▶ **What you will do**:
Repeat exactly what runs from the line with "Used 2025 Cadillac" through the last line of the material, and keep the pictures out of it.
**** Exercise data
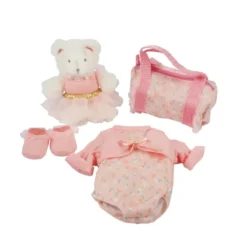 Madame Alexander Small Wonder 14" Ballet Set -Barbie Store GUEST 69cf7c2d 5bbf 48ef 9a8a c813af96abf3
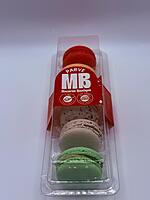 Boutique Macaron - Macaron Cookies (Parve) (6 Pack) (20.32oz)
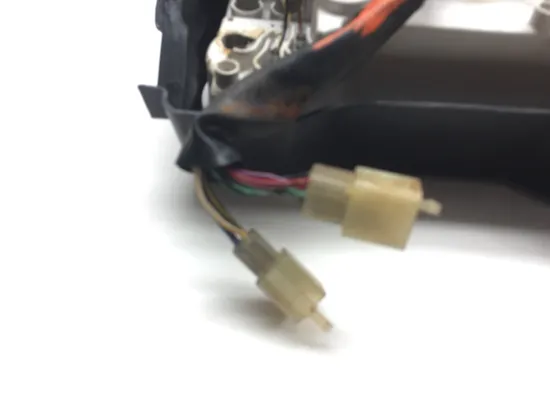 Dash Gauge Tach Speedometer 1994 Kawasaki Ninja 250R EX250F 2565 x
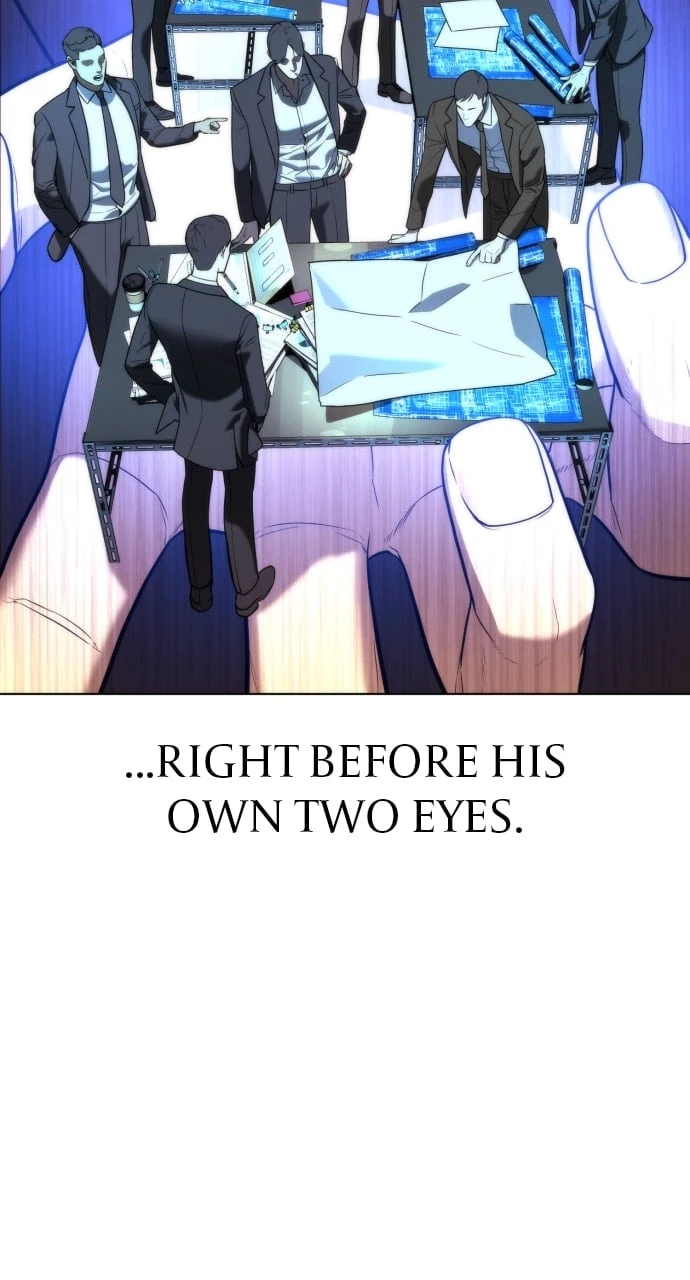 Killer Peter Chapter 4 - 85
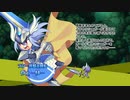【Switch DLゲーほぼ日実況#615】「魔神少女 -Chronicle 2D ACT-」その6【Ciao_Ringoのショートショート】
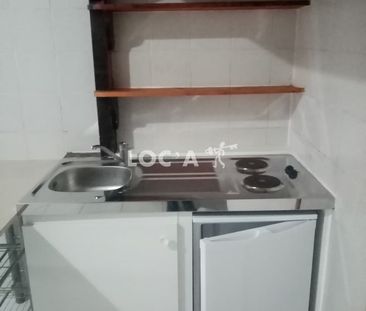 Studio 19.15 m² (ref: 6936158) - Photo 4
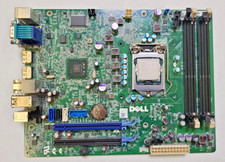 Dell OptiPlex 9010 SFF LGA 1155 DDR3 SDRAM Motherboard 51FJ8 Intel i5-3570 SR0T7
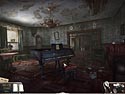 Shiver: Disparitions à Gordon Creek screenshot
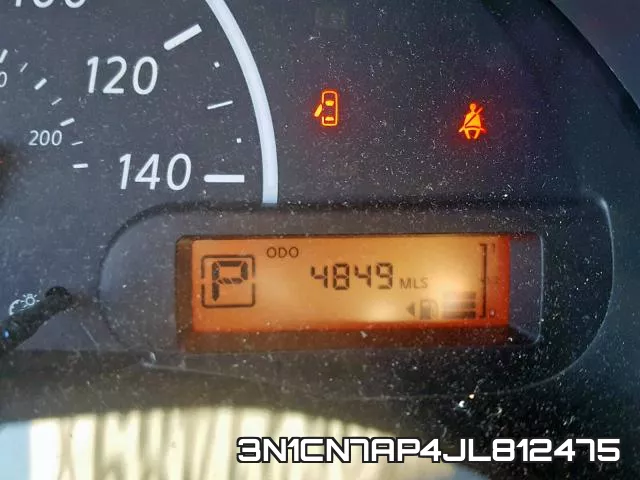 3N1CN7AP4JL812475 фото 9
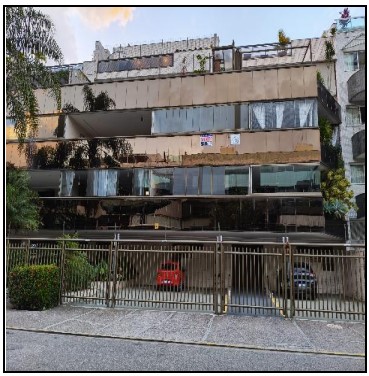 Recreio Dos Bandeirantes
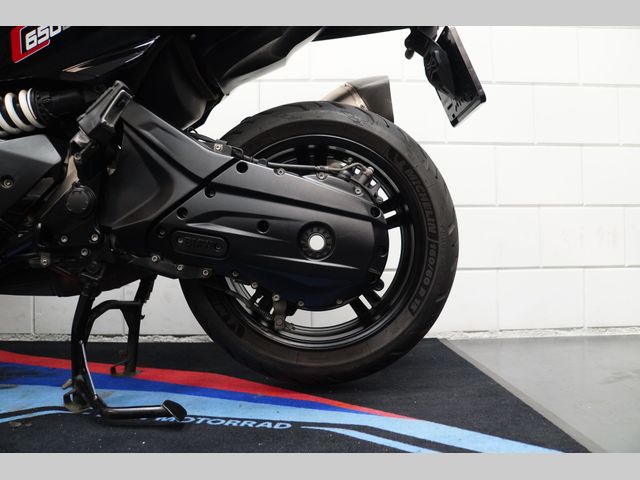 bmw - c-600-sport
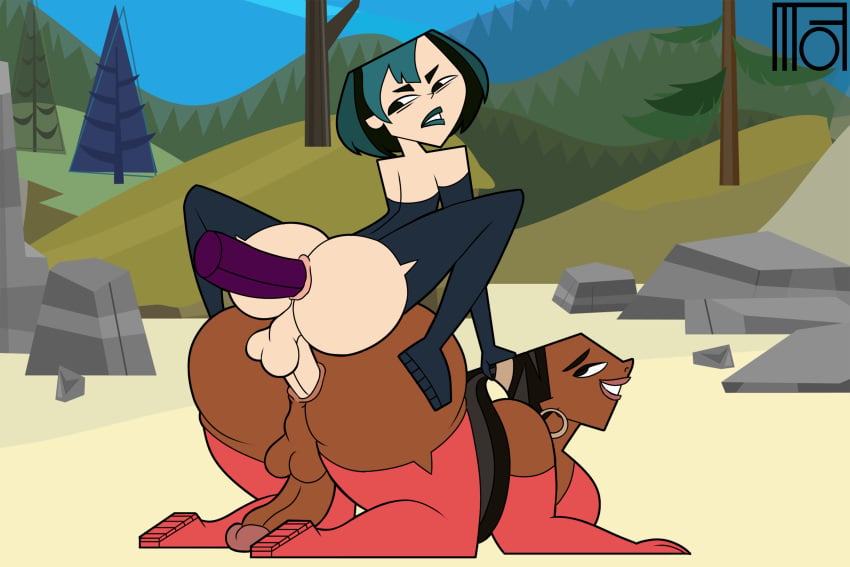 Gwen (Tdi) Rule 34 Image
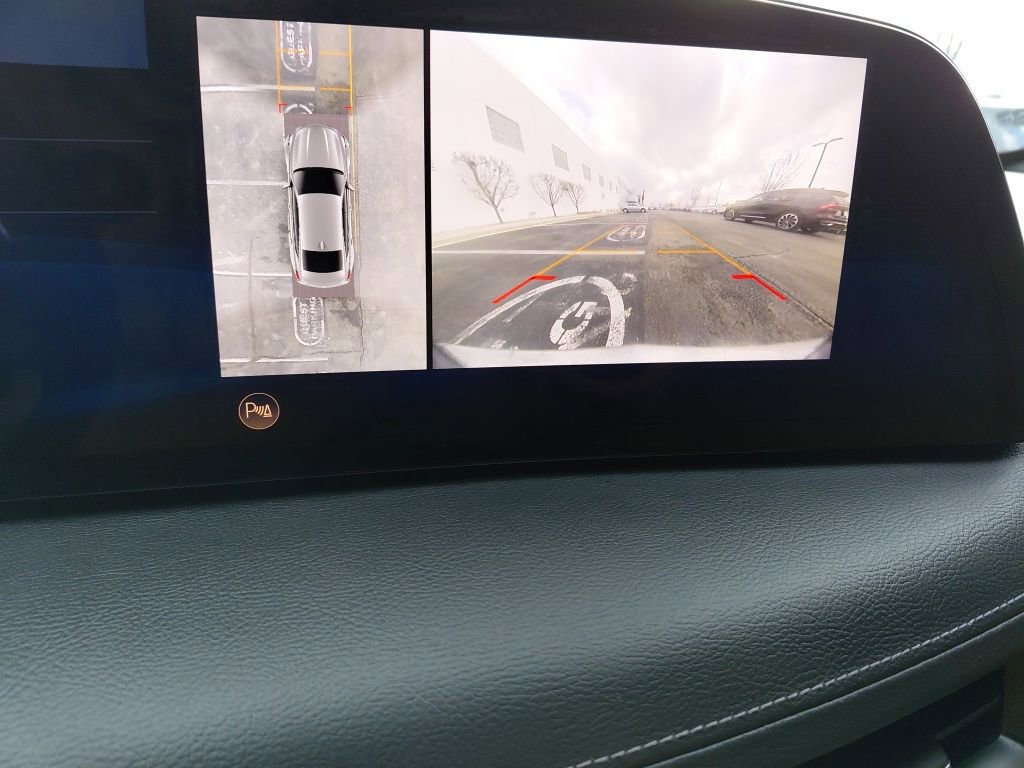 Used 2025 Cadillac CT5 Premium Luxury image 50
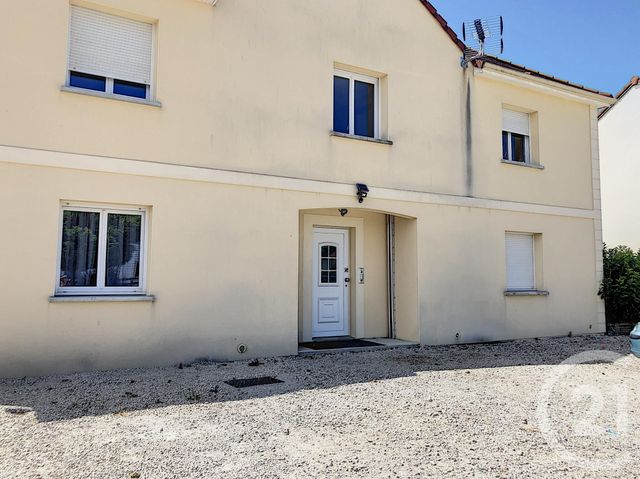 Appartement F2 &agrave; louer - 2 pi&egrave;ces - 40,87 m2 - Rosieres Pres Troyes - 10 - CHAMPAGNE-ARDENNE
********
▶ **Solution for this task**:
 Used 2025 Cadillac CT5 Premium Luxury image 50
 Appartement F2 &agrave; louer - 2 pi&egrave;ces - 40,87 m2 - Rosieres Pres Troyes - 10 - CHAMPAGNE-ARDENNE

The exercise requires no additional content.